Crawled caption data
· · · ·
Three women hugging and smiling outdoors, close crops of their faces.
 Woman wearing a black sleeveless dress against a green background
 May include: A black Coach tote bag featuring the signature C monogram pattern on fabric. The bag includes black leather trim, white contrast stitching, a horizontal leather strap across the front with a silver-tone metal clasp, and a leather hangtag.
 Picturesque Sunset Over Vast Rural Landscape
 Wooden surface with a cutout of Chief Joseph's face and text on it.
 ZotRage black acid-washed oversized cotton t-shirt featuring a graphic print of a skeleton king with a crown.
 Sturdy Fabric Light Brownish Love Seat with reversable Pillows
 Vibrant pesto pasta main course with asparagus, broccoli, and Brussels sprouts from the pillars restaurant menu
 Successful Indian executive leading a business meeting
· · · ·
- **ACTIVITY**
Return all lines from the entries that contain the string "with".

- **EXERCISE OUTPUT**
 May include: A black Coach tote bag featuring the signature C monogram pattern on fabric. The bag includes black leather trim, white contrast stitching, a horizontal leather strap across the front with a silver-tone metal clasp, and a leather hangtag.
 Wooden surface with a cutout of Chief Joseph's face and text on it.
 ZotRage black acid-washed oversized cotton t-shirt featuring a graphic print of a skeleton king with a crown.
 Sturdy Fabric Light Brownish Love Seat with reversable Pillows
 Vibrant pesto pasta main course with asparagus, broccoli, and Brussels sprouts from the pillars restaurant menu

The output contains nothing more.